Out of the coronavirus pandemic comes an altruistic Internet platform designed for independent and small theaters, particularly community and school-based companies that one might call amateur groups. On the Stage Streaming is an offshoot of New York's On the Stage, an arts consulting and tech service company that, before Covid, provided full technical services that often included in studio development projects for Internet broadcast either live or videoed. Broadway producer Hunter Arnold, who also owns TBD Theatricals, developed On the Stage as an incubator project.
On the Stage provides not only the adapted ZOOM-based platform but also online ticketing and marketing through social media. While in-studio services are now suspended, On the Stage Streaming, which launched in April 2020 as a free beta test project known as Play It Forward, is offering most of the same services that its parent company provides. This includes: support in acquiring works from a library of licensed plays and musicals approved for streaming use; a built-in framework for virtually auditioning and rehearsing the show; a custom-branded website to promote the production, sell tickets and merchandise, or accept donations; software to record the performance (whether on-screen virtual capture or on-stage live filming); a secure viewing platform for broadcasting the production to an audience; and technical support for the entire production.
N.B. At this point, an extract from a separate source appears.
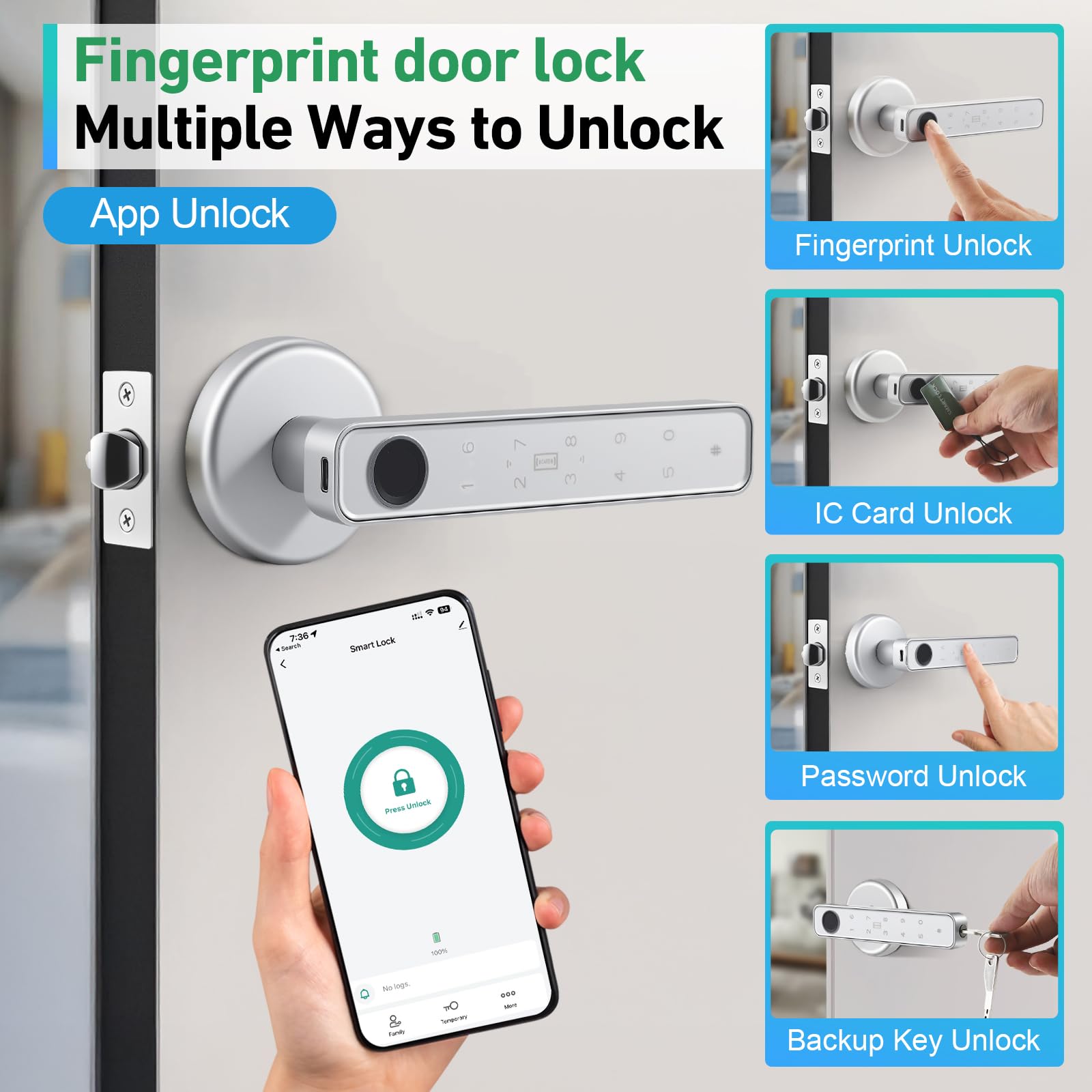 Serrure de porte électrique intelligente avec empreinte digitale, Smart Lock pour porte intérieure – Serrure électronique à empreinte digitale avec Bluetooth, mot de passe, application, carte IC et
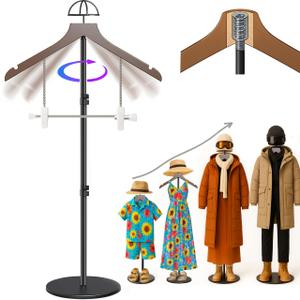 T Shirt Stand Display 26-64.7 Inch with Pants Clip and Hat Rack,Height Adjustable for Long Short Clothes Dress,Display Mannequin for Store,Closet,Photoshoot,Exhibition,Vendors Shop,Parties(1 Brown )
On the Stage Streaming is not pushing its brand. This makes it hard to find the 370 plus theaters who have taken advantage of this distributed virtual service where the actors are in separate locations. One way to get an idea is to see what comes up on Twitter under #onthestage. Since April 2020, theaters using On the Stage Streaming have sold over 20,000 tickets and collected over $35,000 in donations.
This reviewer stumbled into this environment through poet Anne Harding Woodworth who had teamed up with her playwright sister Bundy H. Bolt and was urging contacts to attend their play reading Somewhere Voices through New Surry Theatre of Blue Hill, Maine.
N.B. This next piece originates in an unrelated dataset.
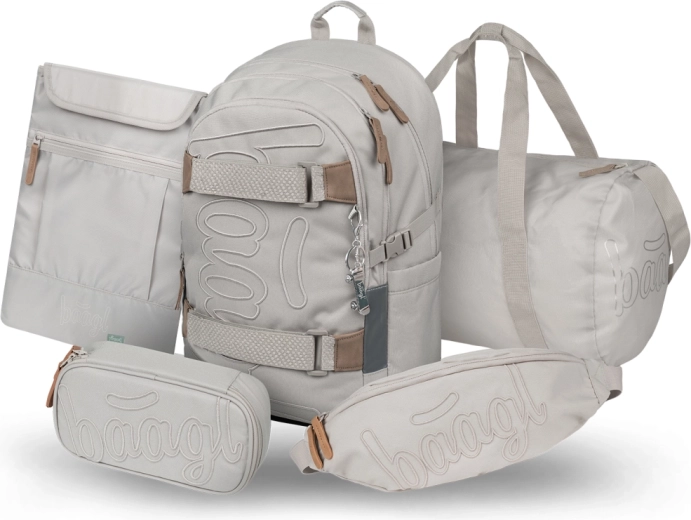 Baagl set 5 Skate Mist – školní batoh, penál, sportovní taška, ledvinka a obal na notebook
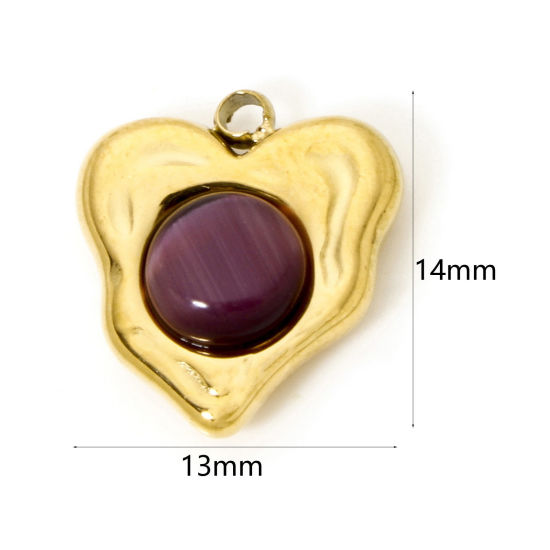 Picture of 1 Piece Eco-friendly Vacuum Plating 304 Stainless Steel Charms 18K Real Gold Plated Dark Purple Heart With Synthetic Gemstone Cabochons 14mm x 13mm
Subsequently, this reviewer saw New Surry Theatre's live streaming production of Branden Jacobs-Jenkins Appropriate. The play came across reasonably well despite latency issues—data transmission that stutters or freezes. (See my mini review at the Scene4-sponsored blog The Dressing.) This reviewer wondered what reaction playwright Jacobs-Jenkins might have about his play with the actors distributed in different geographic locations and occasional lines dropping out. Surely he knew his play was being licensed for use in this way. A call to the university where he teaches got the answer that he was not able to take interviews at this time due to his teaching responsibilities.
One thing for sure, On the Stage Streaming, which is only collecting a small percent of ticket sales never intended to get rich from this service. This reviewer sees it as an investment in the future of accessible and affordable theater.